— TASK ITEM —
Beginning at the line that holds "Avocado Green Print", transcribe each line exactly through the end of the records, and leave any pictures out.

:: MATERIAL SUPPLIED ::

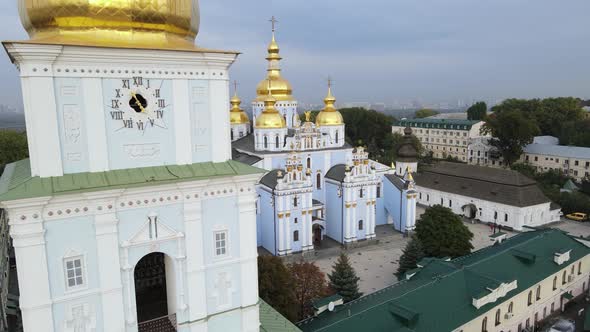 Kyiv, Ukraine Aerial View in Autumn : St. Michael's Golden-Domed Monastery. Kiev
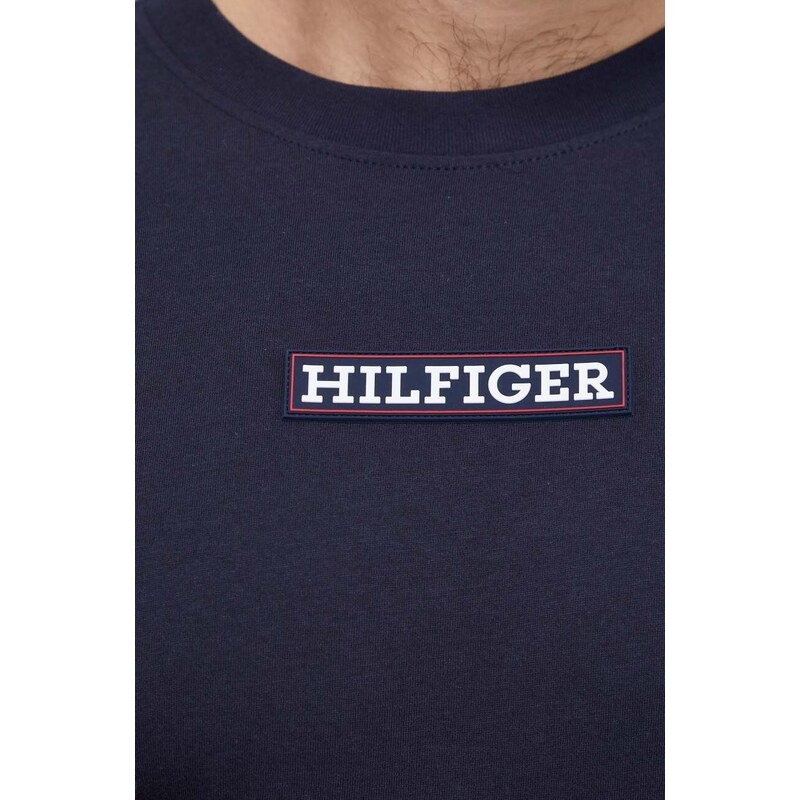 Tričko Tommy Hilfiger tmavomodrá barva, s aplikací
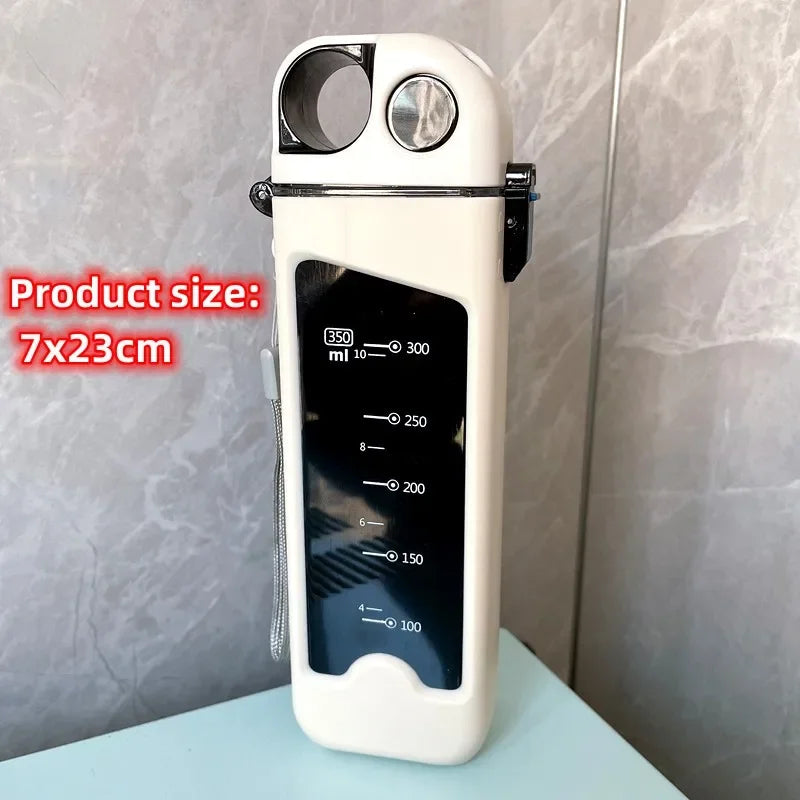 Axyaa 350ml Sports Water Bottle with Straw, Leak-proof Square Design for Fitness and Travel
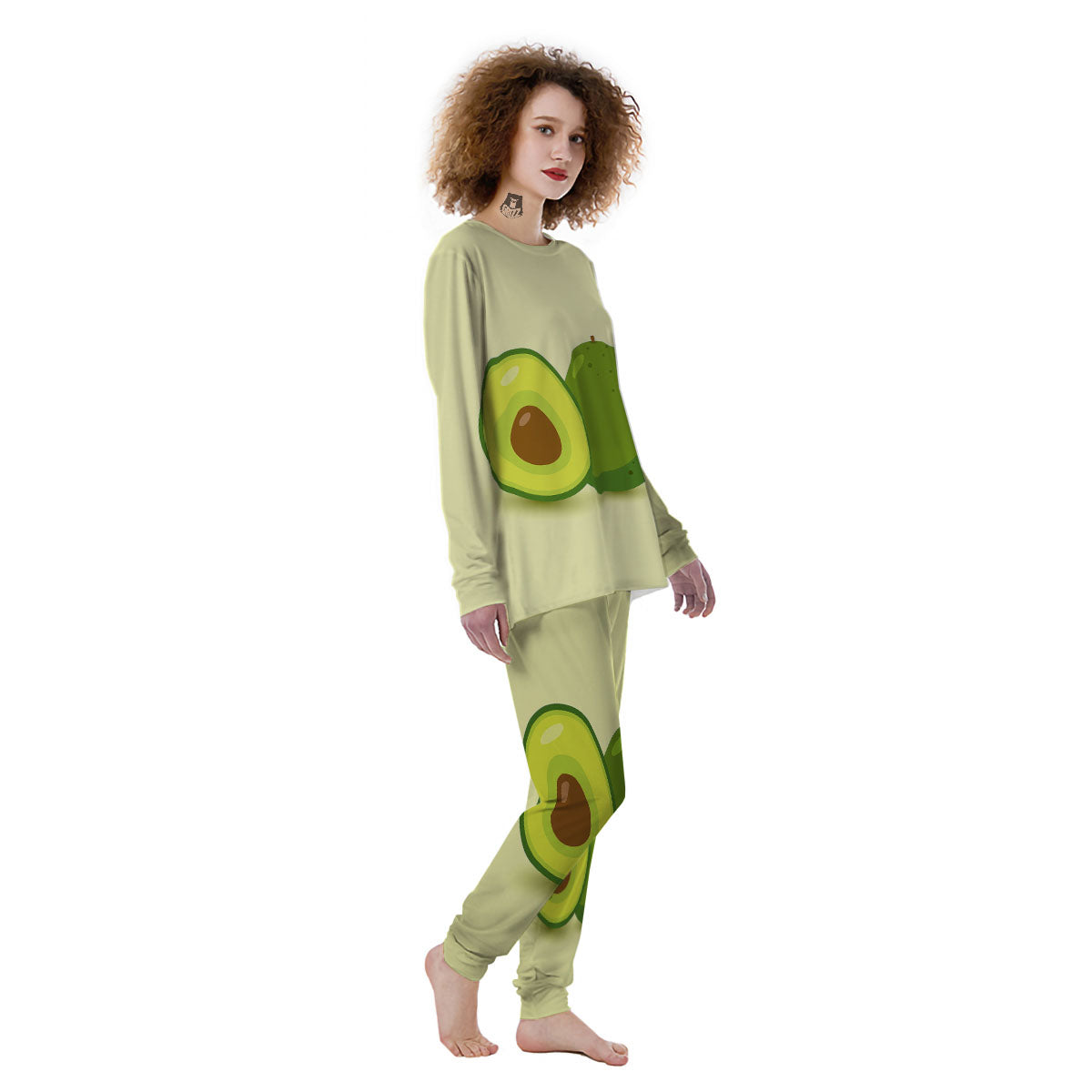 Avocado Green Print Women's Pajamas-grizzshop
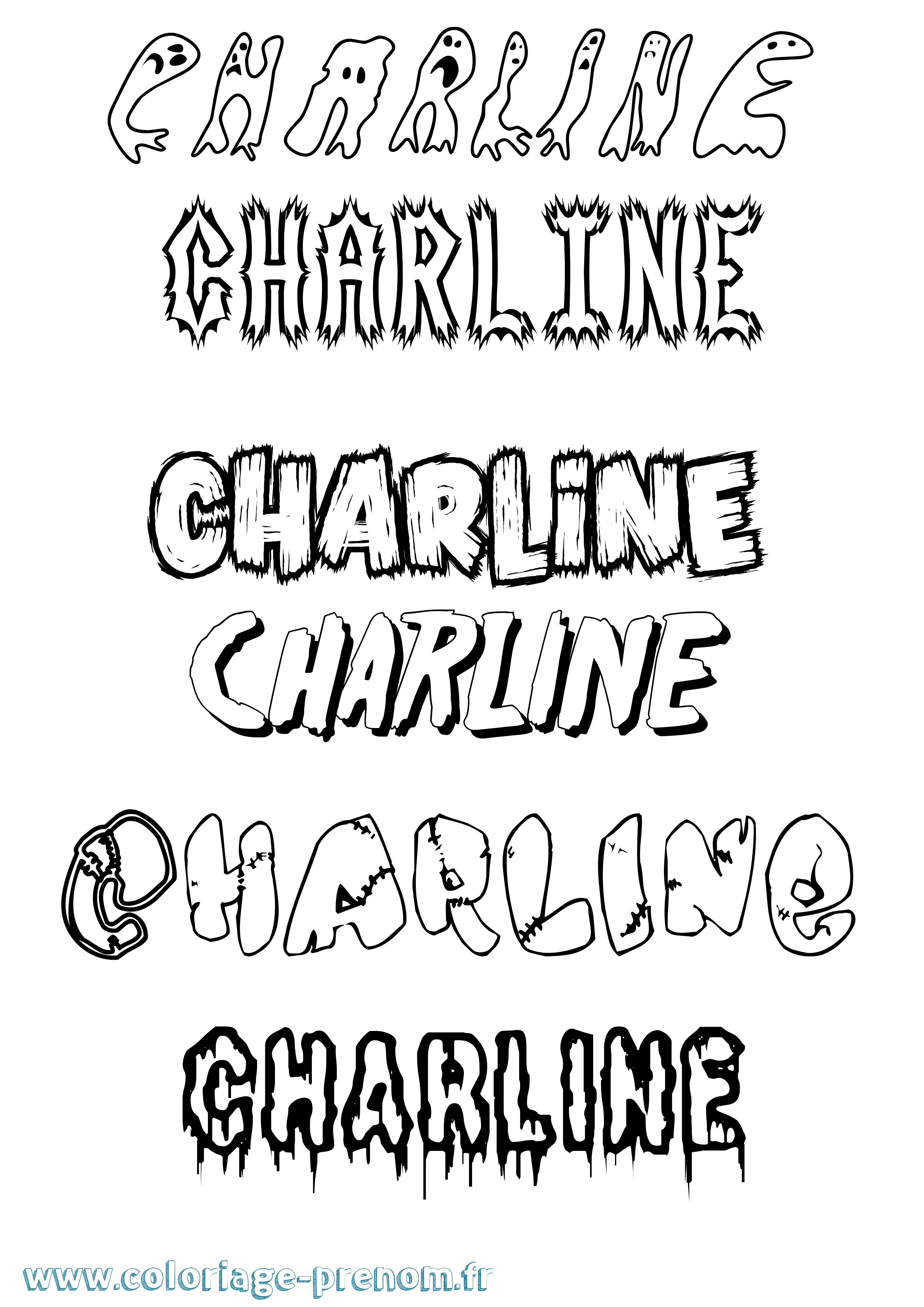 Coloriage prénom Charline Frisson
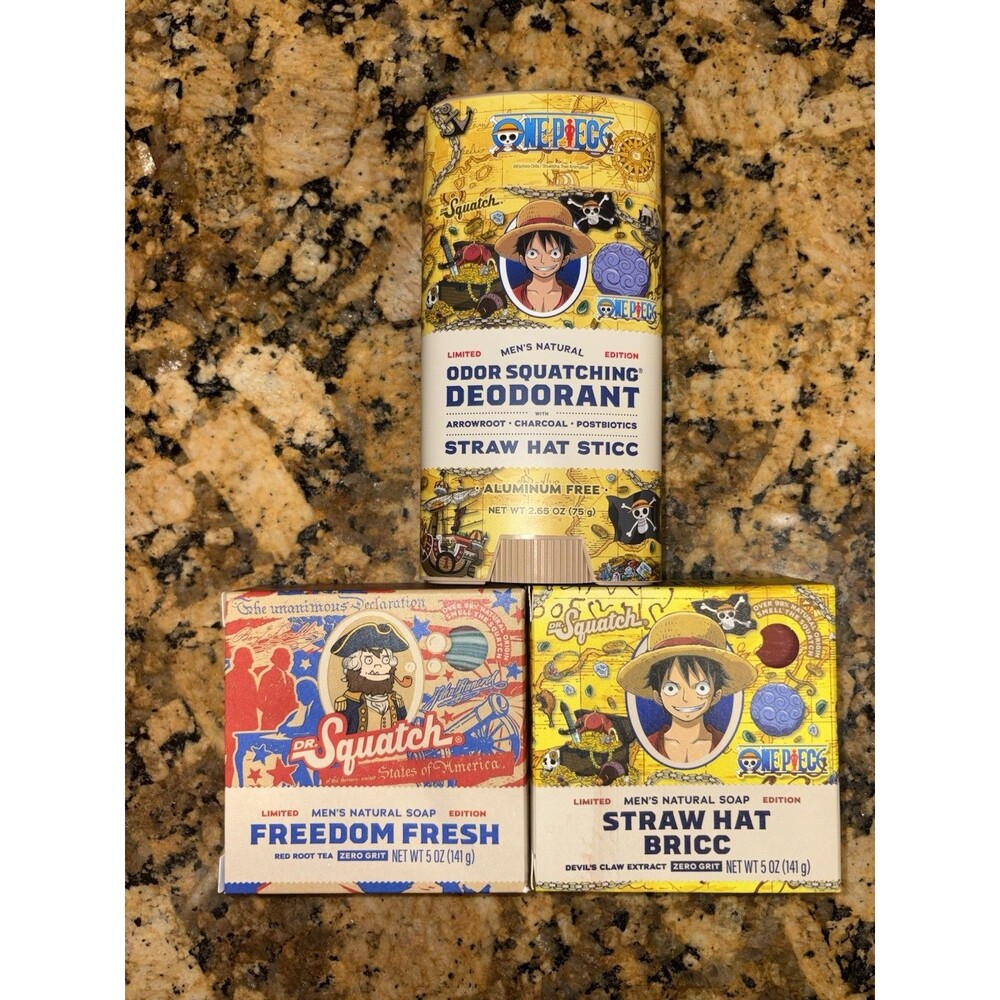 Bundle of Dr. Squatch x One Piece Straw Hat Bricc Deodorant - Soap -Freedom Soap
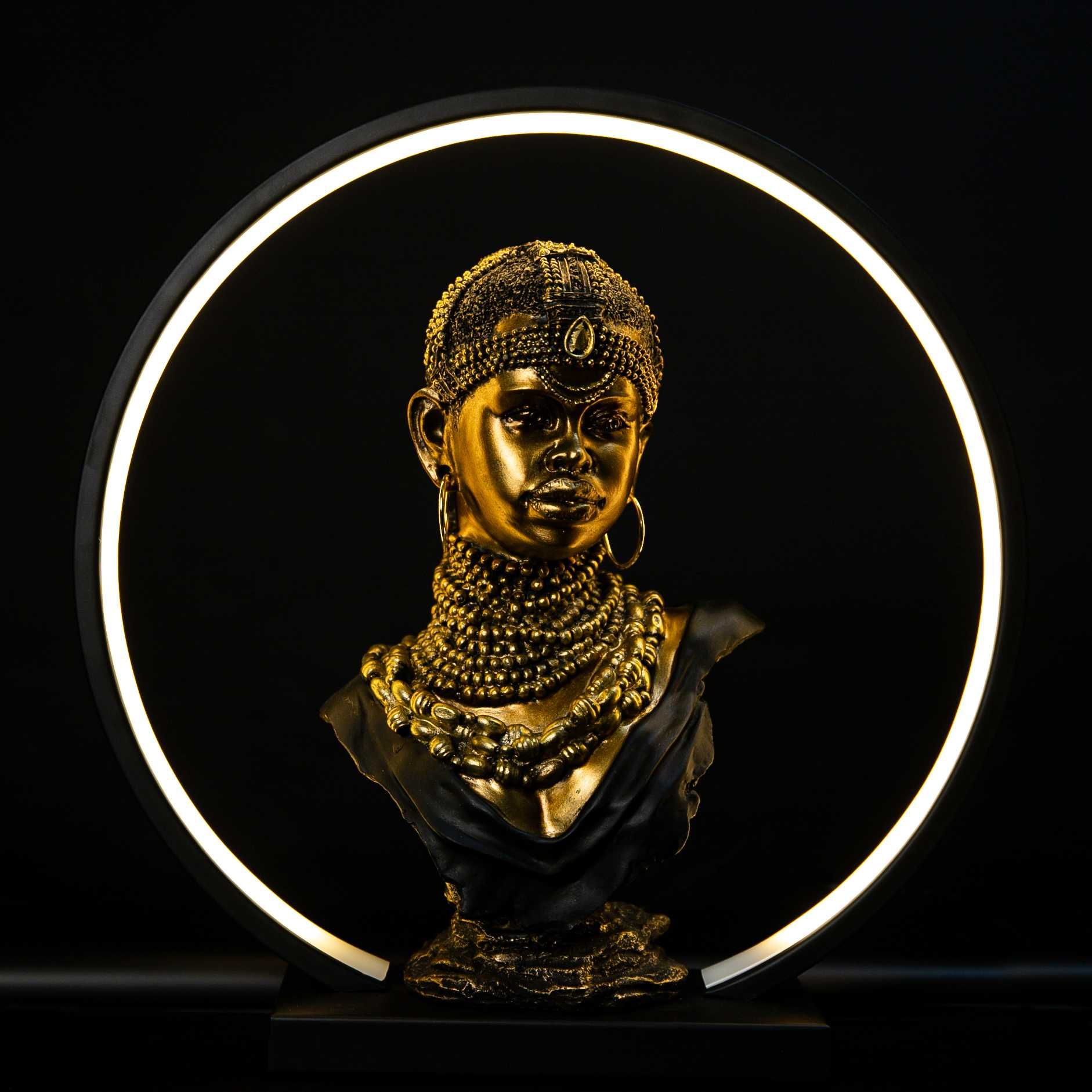 Figurina decorativa tip bust cu iluminare FEMEIE AFRICANA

:::

— ANSWER FOR THE TASK —
 Avocado Green Print Women's Pajamas-grizzshop
 Coloriage prénom Charline Frisson
 Bundle of Dr. Squatch x One Piece Straw Hat Bricc Deodorant - Soap -Freedom Soap
 Figurina decorativa tip bust cu iluminare FEMEIE AFRICANA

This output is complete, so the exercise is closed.